Material for this task:
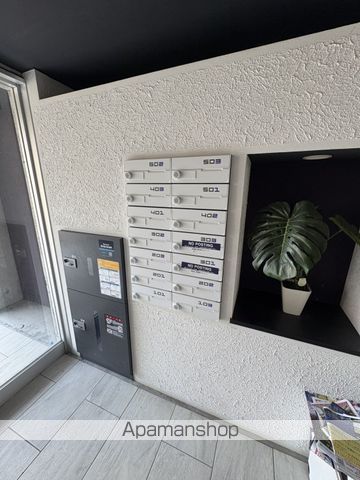 アオアクアN7の玄関写真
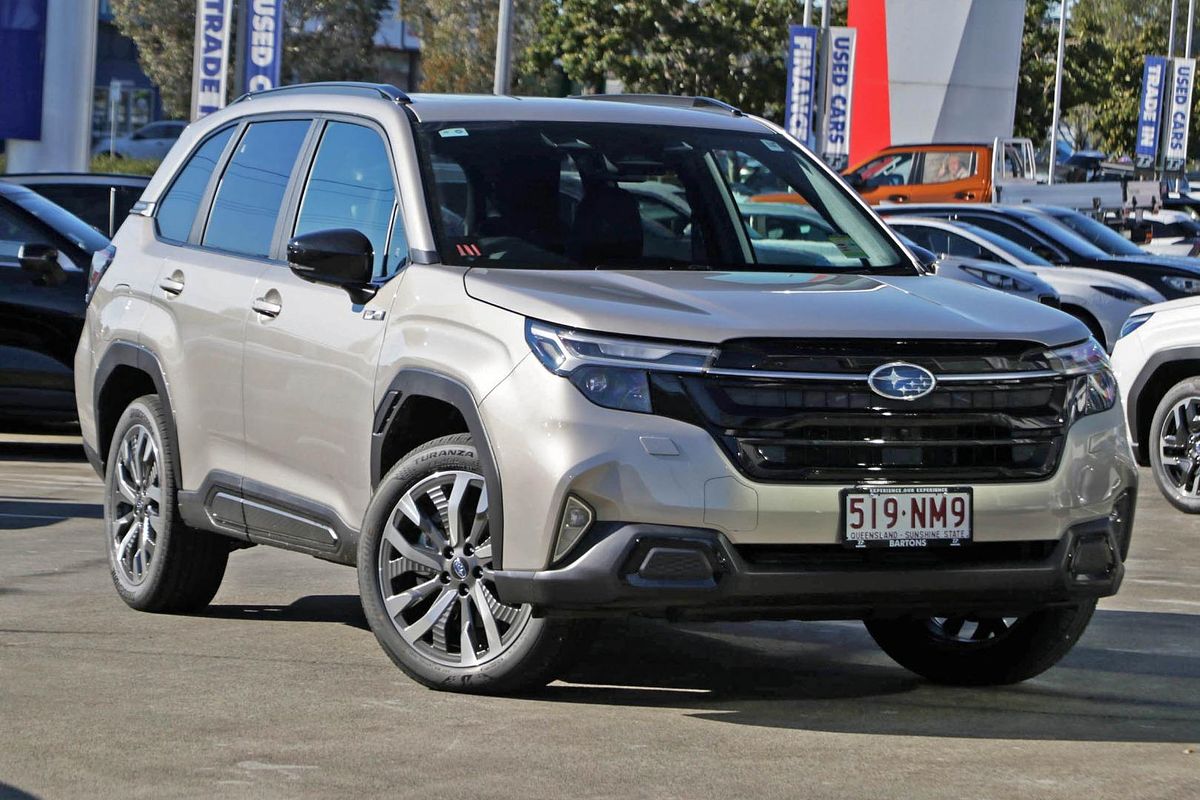 2025 Subaru Forester Hybrid Touring S6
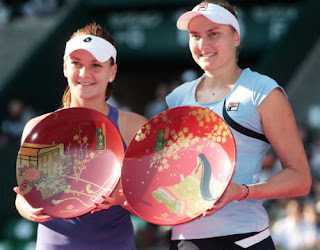 Petrova beats Radwanska and Champion in Tokyo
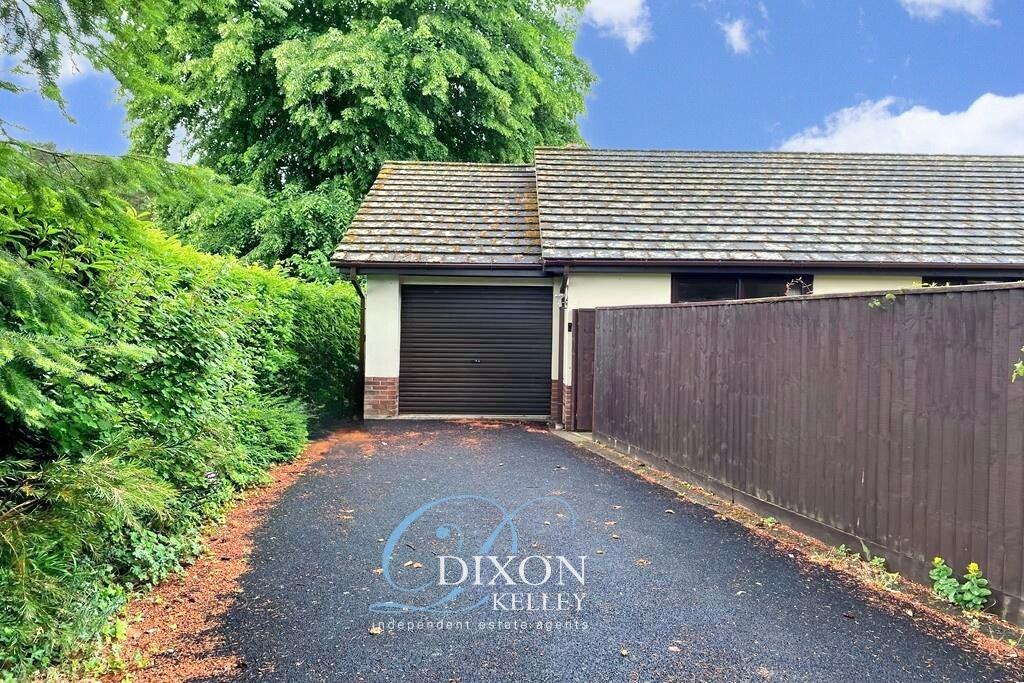 Driveway &amp; Garage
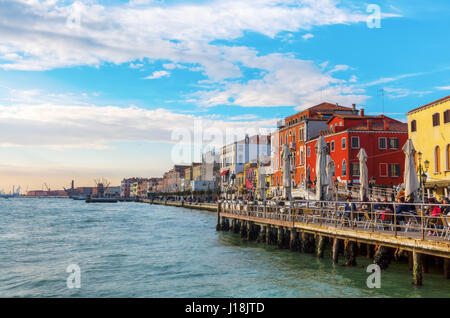 Venedig, Italien - 27. Februar 2017: Ufer der Stadtteil Dorsoduro mit unbekannten Menschen. Venedig ist weltweit bekannt für die Schönheit seiner Umgebung Stockfoto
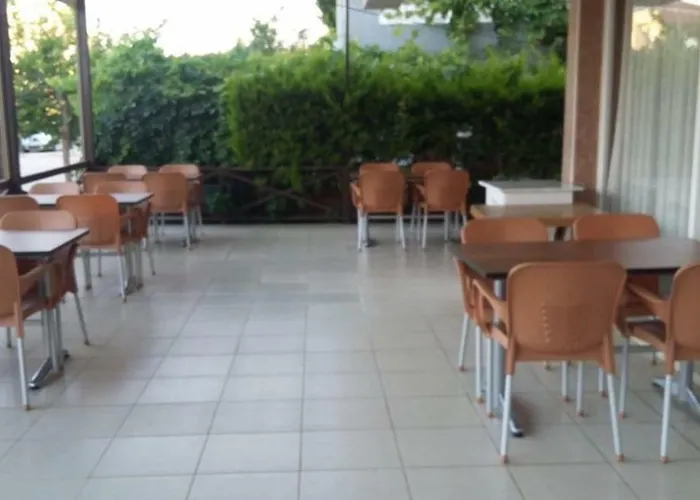 Hotel Adalinda Esmirna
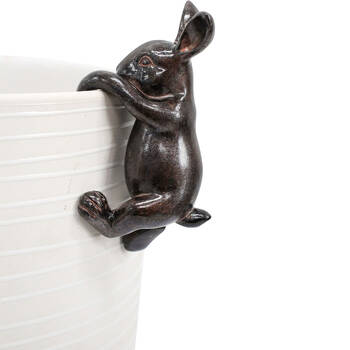 LVD Textured Resin Planter Pot Sitter Accessory Rabbit 4x10cm Black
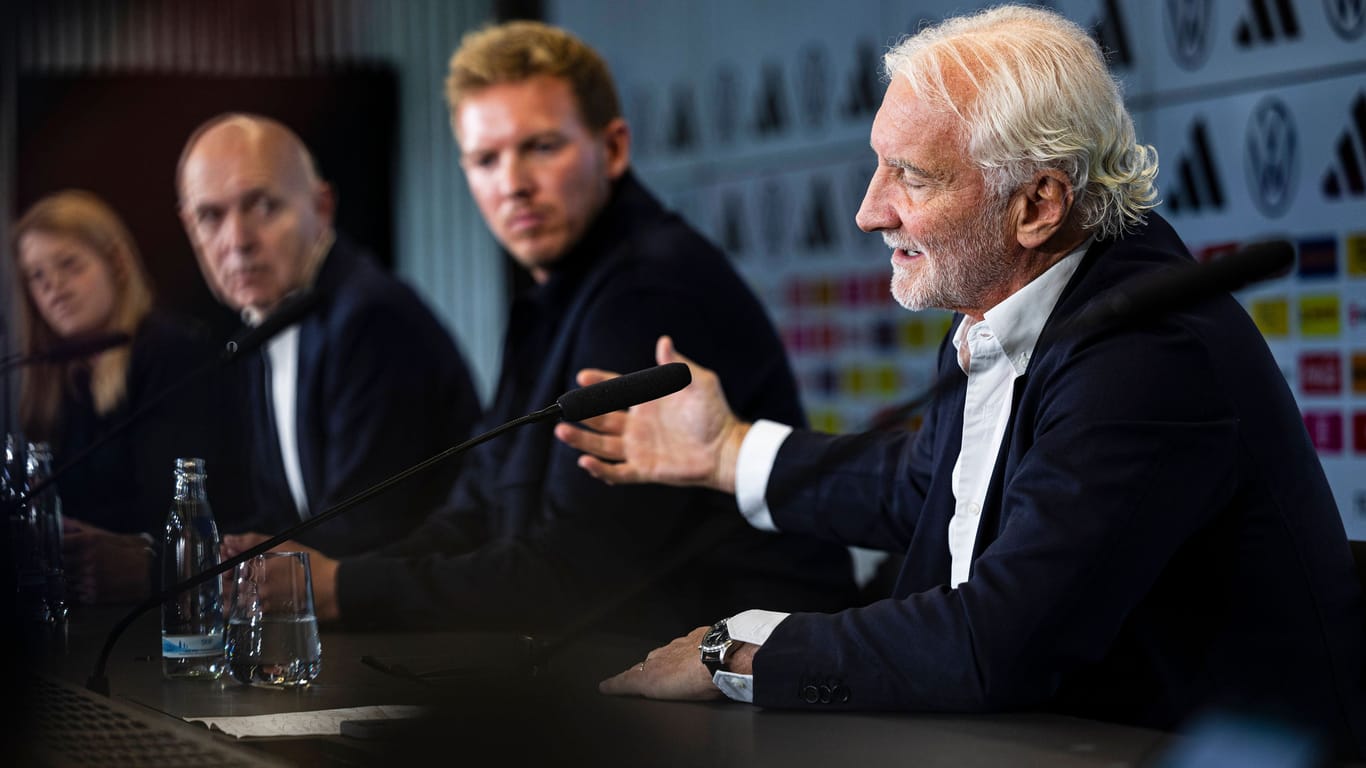 Rudi Völler: Der DFB-Sportdirektor hat mit Julian Nagelsmann einen Nachfolger für den entlassenen Hansi Flick gefunden.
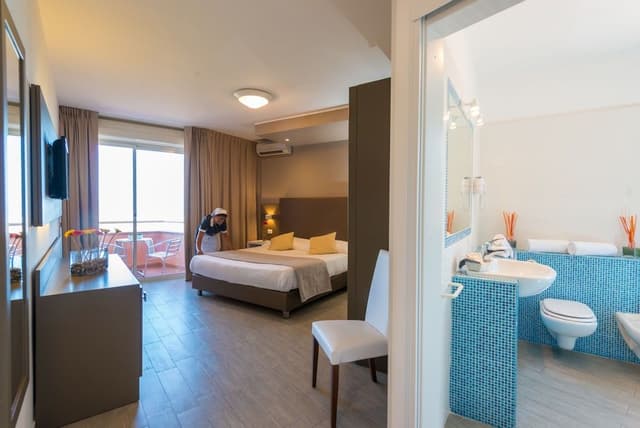 Superior Double Room, Balcony, City View (city view)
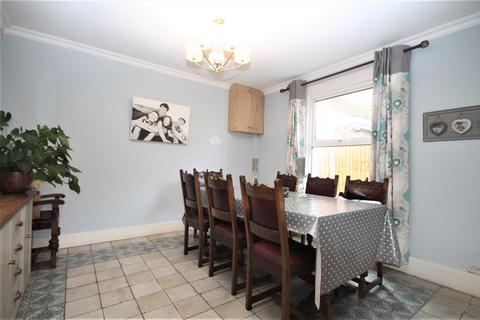 20 Arnold Road, Clacton-on-sea, CO15 1DE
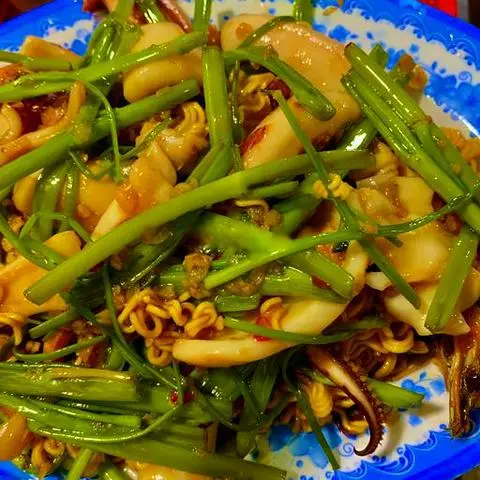 Hình ảnh Mì xào mực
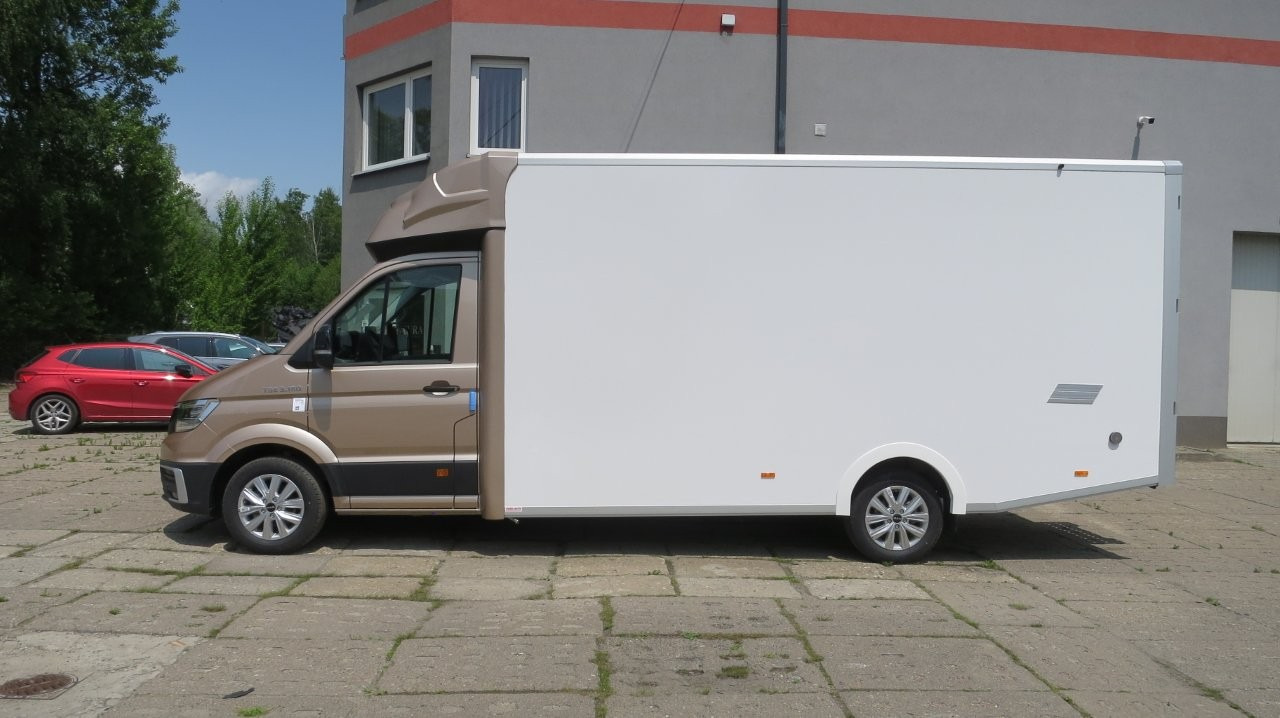 MAN TGE 3.180 Koffer mit Schlafbett - Carrinha de contentor, Carrinha cabine dupla: foto 2 MAN TGE 3.180 Koffer mit Schlafbett - Carrinha de contentor, Carrinha cabine dupla: foto 2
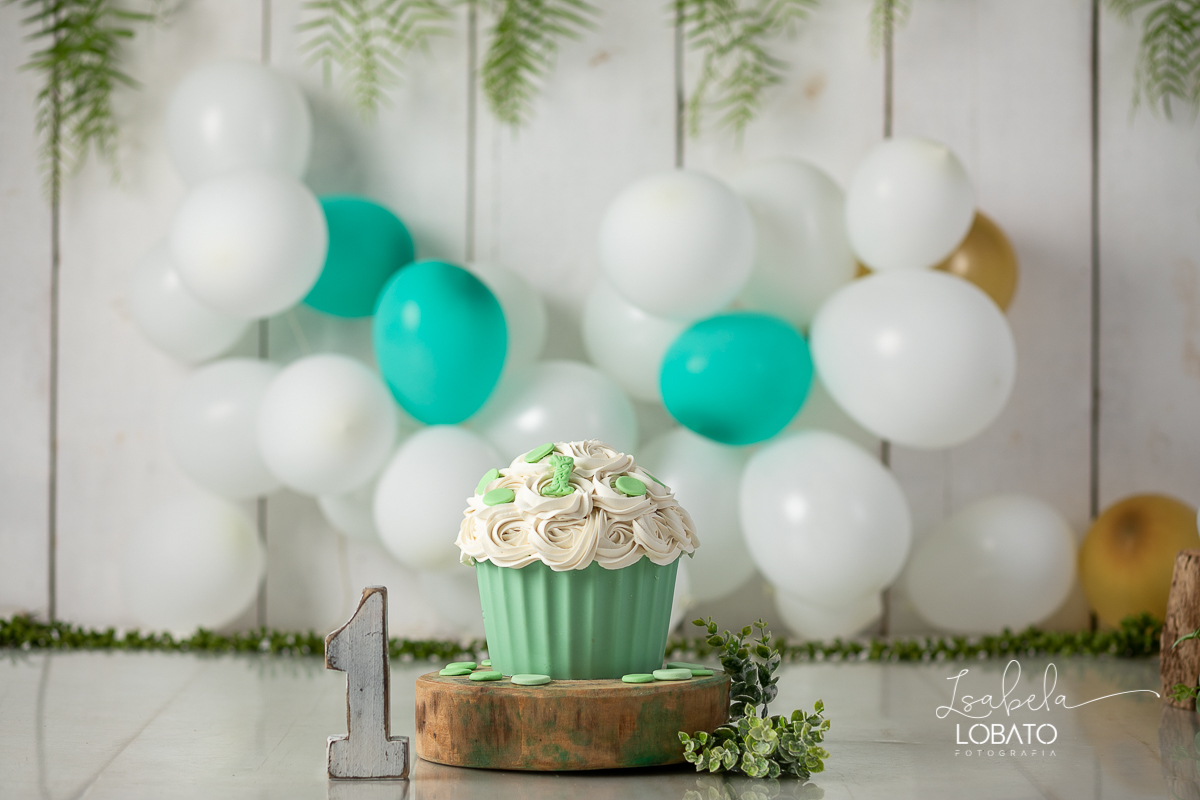 fotografa-de-criancas-em-barbacena-melhor-fotografa-de-barbacena-estudio-fotografico-infantil-isabela-lobato-fotografia-a-hora-do-bolo-mundo-rosa-boneca-de-pano-helena-smash-the-cake-esmagando-o-bolo-aniversario-de-um-ano-mundo-rosa-book-infantil-bq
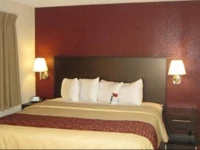 Red Roof Plus & Suites Guilford 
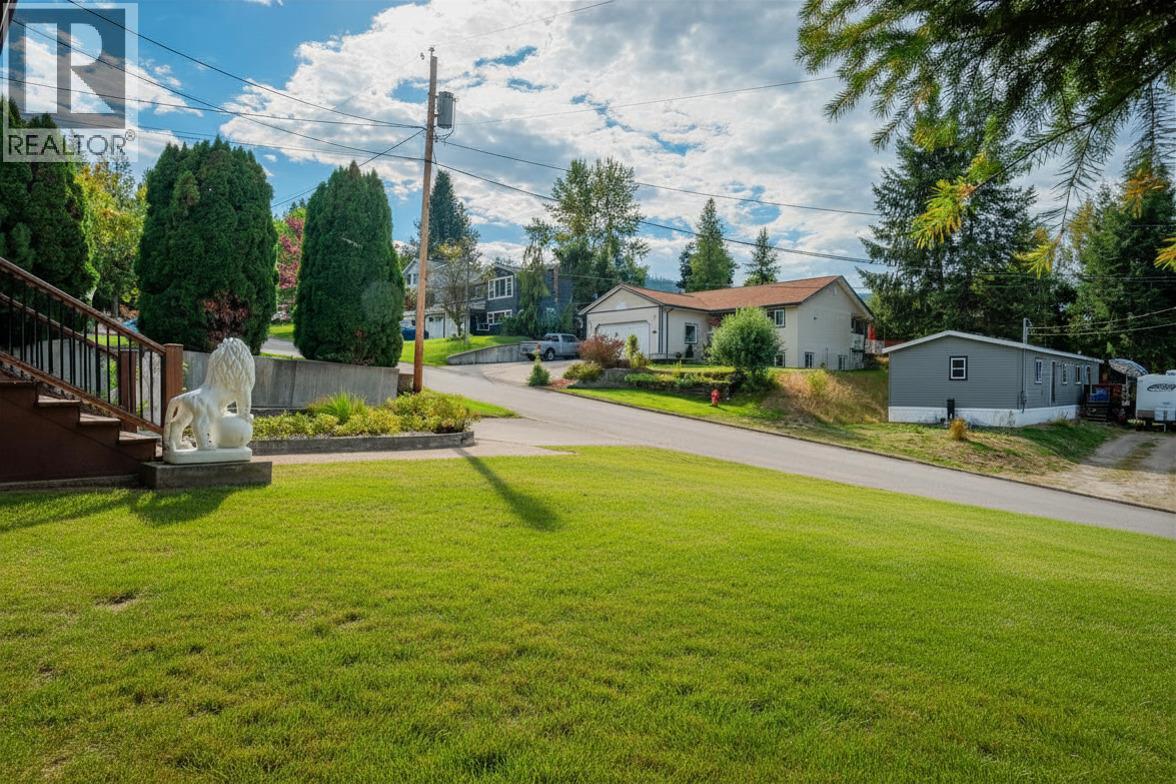 110 CEDAR Avenue - 38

Problem description: Every line from the one containing "Rudi Völler: Der" to the final line of the records should be duplicated exactly; no picture is to be copied.

Exercise solution:
 Rudi Völler: Der DFB-Sportdirektor hat mit Julian Nagelsmann einen Nachfolger für den entlassenen Hansi Flick gefunden.
 Superior Double Room, Balcony, City View (city view)
 20 Arnold Road, Clacton-on-sea, CO15 1DE
 Hình ảnh Mì xào mực
 MAN TGE 3.180 Koffer mit Schlafbett - Carrinha de contentor, Carrinha cabine dupla: foto 2 MAN TGE 3.180 Koffer mit Schlafbett - Carrinha de contentor, Carrinha cabine dupla: foto 2
 fotografa-de-criancas-em-barbacena-melhor-fotografa-de-barbacena-estudio-fotografico-infantil-isabela-lobato-fotografia-a-hora-do-bolo-mundo-rosa-boneca-de-pano-helena-smash-the-cake-esmagando-o-bolo-aniversario-de-um-ano-mundo-rosa-book-infantil-bq
 Red Roof Plus & Suites Guilford 
 110 CEDAR Avenue - 38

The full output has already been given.